Advising an out-of-state defendant whether it is subject to personal jurisdiction is often a judgment call. There is no bright line test when minimum contacts are involved.
The 2-1 decision today by the North Carolina Court of Appeals in Rossetto USA, Inc. v. Greensky Financial, LLC, in which two Georgia LLCs challenged personal jurisdiction, illustrates that pretty clearly. The Court actually split twice on the jurisdiction question, reaching different conclusions on whether there was jurisdiction over the two defendants.

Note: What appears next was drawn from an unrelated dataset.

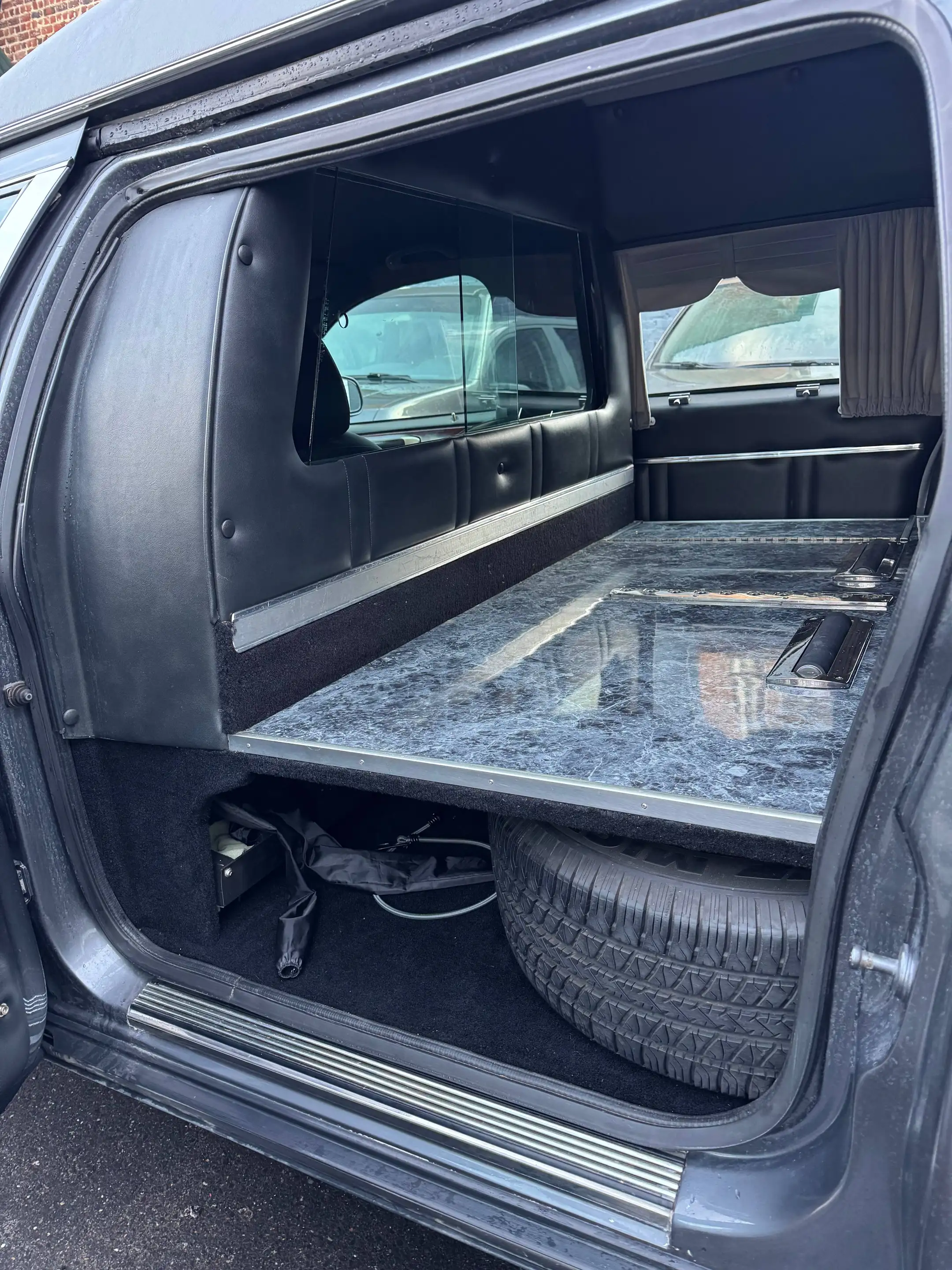 Lincoln Corbillard V8 Belge depuis neuf !! 106000 km — photo 13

The Georgia companies were Greensky Financial, LLC and Furniture Retailers, LLC. The trial judge found that it had jurisdiction over both of them. The Court of Appeals majority found that it had jurisdiction over Greensky, but not over Furniture Retailers. The dissent found that there was no jurisdiction over Greensky, but that there was jurisdiction over Furniture Retailers.
The facts underlying these conflicting jurisdictional conclusions were fairly routine. Greensky was a financing company, which had funded a company called EclecticGlobal’s purchases of furniture from the Plaintiff, a North Carolina company. Greensky had made frequent payments on Eclectic’s behalf to the Plaintiff and had frequently communicated to Plaintiff’s representatives in North Carolina. That was enough to find jurisdiction for the majority, but not enough for the dissent.
Furniture Retailers had taken over the business of Eclectic. It had accepted one shipment of furniture sent by Plaintiff to Eclectic and tried to sell that furniture. It had also made one telephone call to Plaintiff’s North Carolina office. Those were insufficient contacts to the majority, but sufficient for the dissent.
I wish I could tell you where to go from here.
Clint Pinyan and John Buford of Brooks Pierce represent Greensky and Furniture Retailers.